Ransford Bryan III, who pleaded guilty to the 1987 killing of his friend, Douglas Brockway, was paroled April 18 by the Delaware Board of Parole.
Brockway’s mother, Peggy, fought against Bryan’s release.
Johnette Graf, spokeswoman for the Delaware Department of Corrections, said Bryan, who has been in jail nearly 30 years, would be on work release before transitioning into monitored probation.
Peggy Brockway said her family is disappointed in the criminal justice system, but she had expected and prepared herself for Bryan’s release after the hearing. Flanked by her daughter, Missy Brockway-Walls, and fighting back tears, Brockway said she would like to see reforms to the parole system that would give the public greater say in the release of violent criminals like Bryan. Brockway said Bryan is a cold person who she does not believe has changed.
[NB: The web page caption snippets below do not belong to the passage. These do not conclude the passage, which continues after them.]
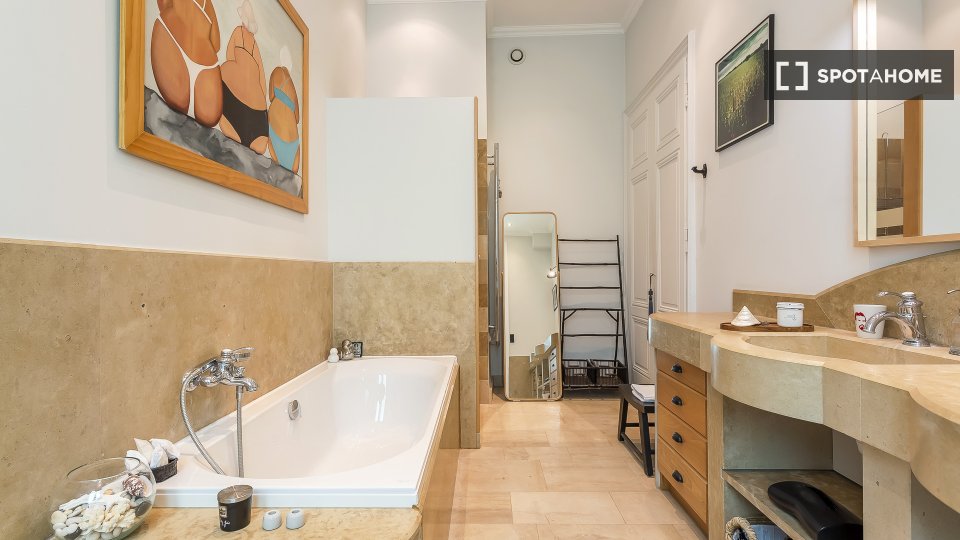 Apartment Lyon, 3 beds, 245m² — photo 2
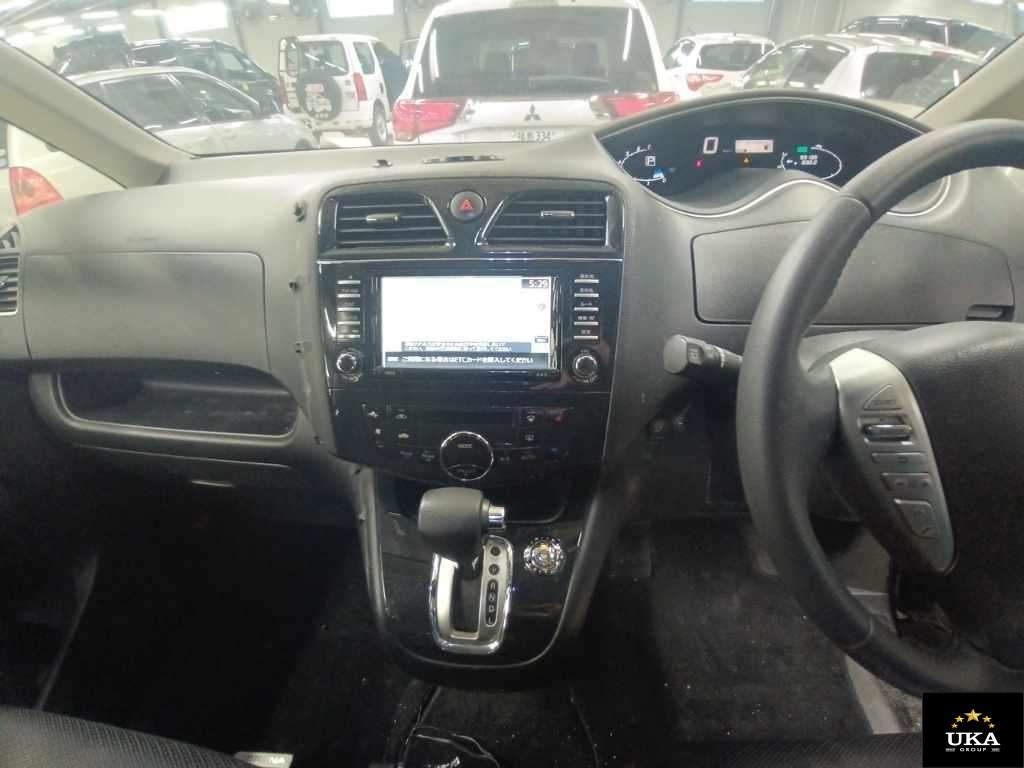 2013 Nissan Serena
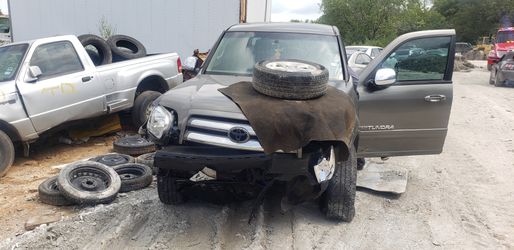 2005 Toyota tundra for parts
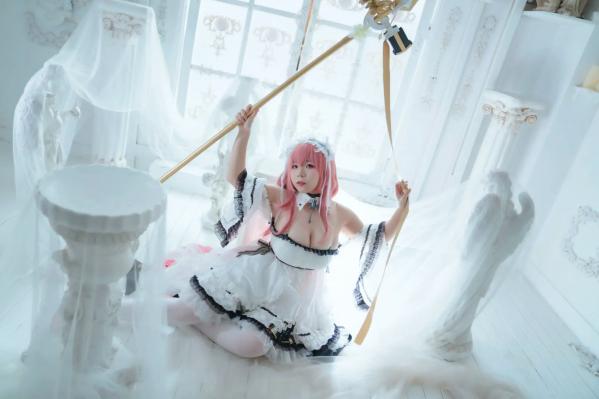    自闭颜球球(无颜小天使wy) - 碧蓝航线英仙座Cosplay，梦幻清纯女仆造型，绝美冷艳之姿，治愈系天使写真[27P]第20张图片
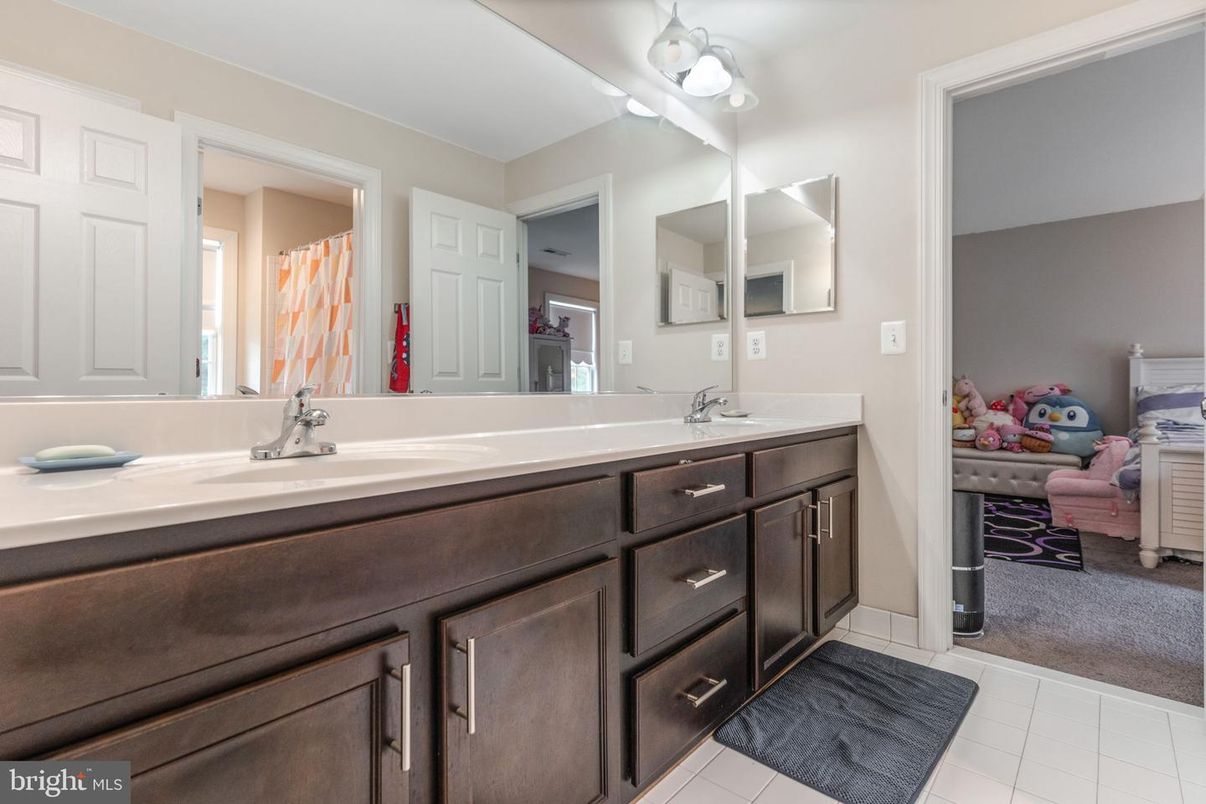 Bathroom, Dual Sink Vanities, Interior
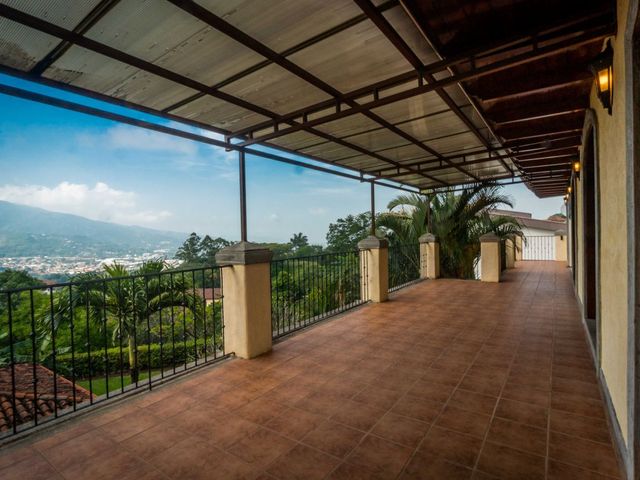 Eco-Residencial Villa Real Oportunidad Exclusiva de Alquiler — photo 6 of 20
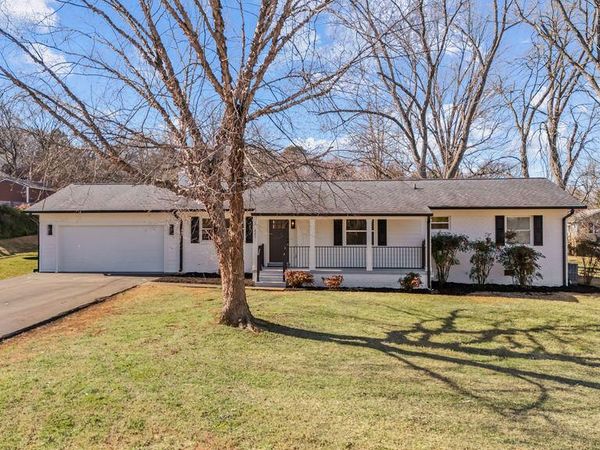 221 Medford Rd, Knoxville, TN 37922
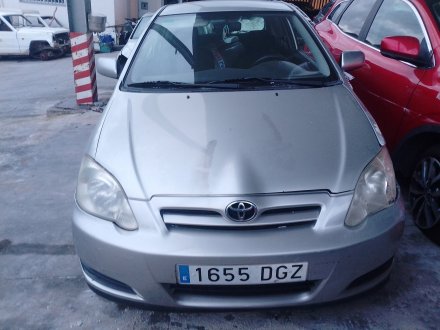 Vehiculo en el desguace: TOYOTA COROLLA (_E12_) 2.0 D-4D (CDE120R_, CDE120L_)
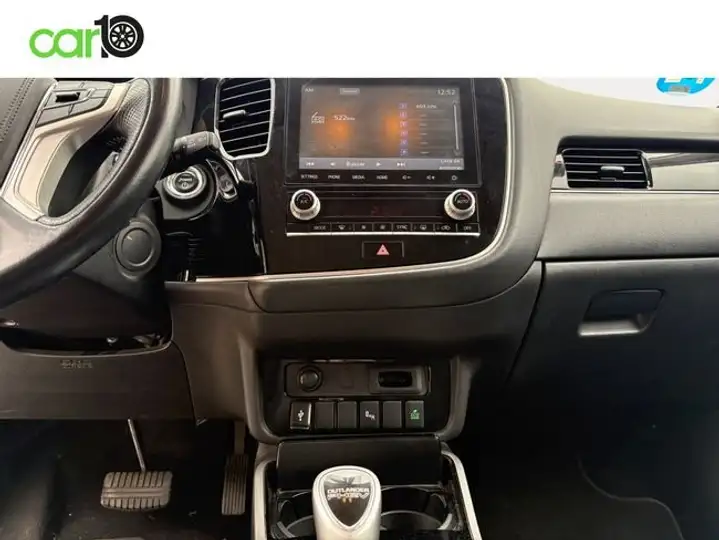 Mitsubishi Outlander 2019, foto 14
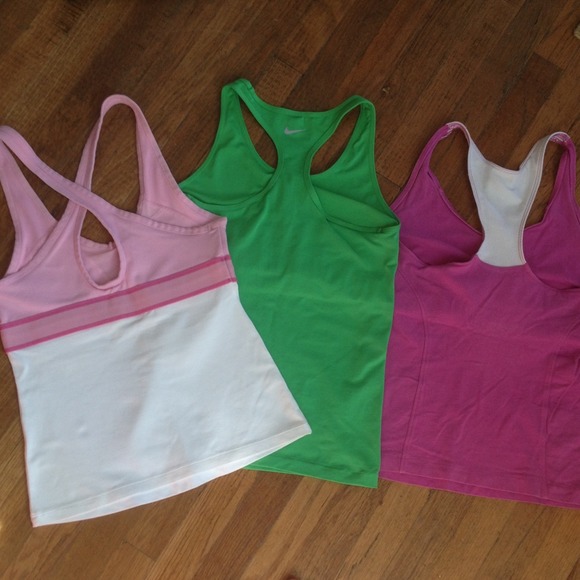 Nike slim fit top bundle Sz S - Picture 3 of 3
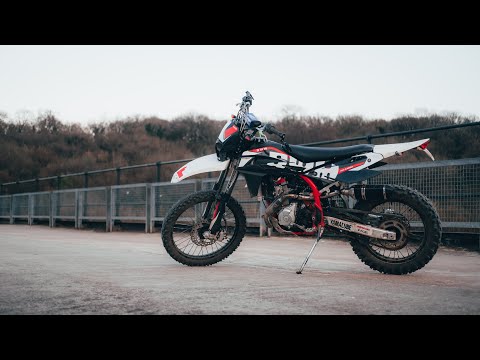 SWM125　RS125R SWM RS125 R (2017) - Road test and review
Bryan and Brockway had gone out squirrel hunting together in 1987; when Bryan returned home but Brockway did not, a search was launched. Bryan had been living with the Brockway family at the time Douglas disappeared, and he continued living with them as investigators continued to search. Douglas Brockway’s body was found two weeks later in a wooded area of Sussex County, dead of a gunshot wound to the back of the head.
Bryan originally pleaded not guilty, but he later took a plea bargain and was sentenced to life in prison without possibility of parole. The case was appealed to Delaware Supreme Court, which ordered a new trial, ruling Bryan had been questioned by police without an attorney present. At the second trial Bryan’s sentence was changed to life in prison with possibility of parole.
Bryan, now in his mid-40s and incarcerated since he was 18, has been the subject of parole hearings since 2004. Since 2014, he has been up for parole every year; his release has been opposed by the Brockway family and others. His attorney argued that Bryan has been a model prisoner, participating in prison programs.
Andrew Rosen, attorney for Bryan, said, “Mr. Bryan has put together an impressive record of rehabilitation during his almost 30 years in prison, and he looks forward to continuing his efforts at personal improvement on the outside. At the same time, we also understand the additional anguish this may cause the Brockway family. Mr. Bryan will not make any effort to contact the family unless they make it clear that they wish to speak to him through an agency such as Victim's Voices Heard.”
Carl Kanefsky, spokesman for the Delaware Department of Justice, said the department opposed Bryan’s parole.
“We are disappointed in the decision and believe that the board should have respected the sentence that was imposed,” he said.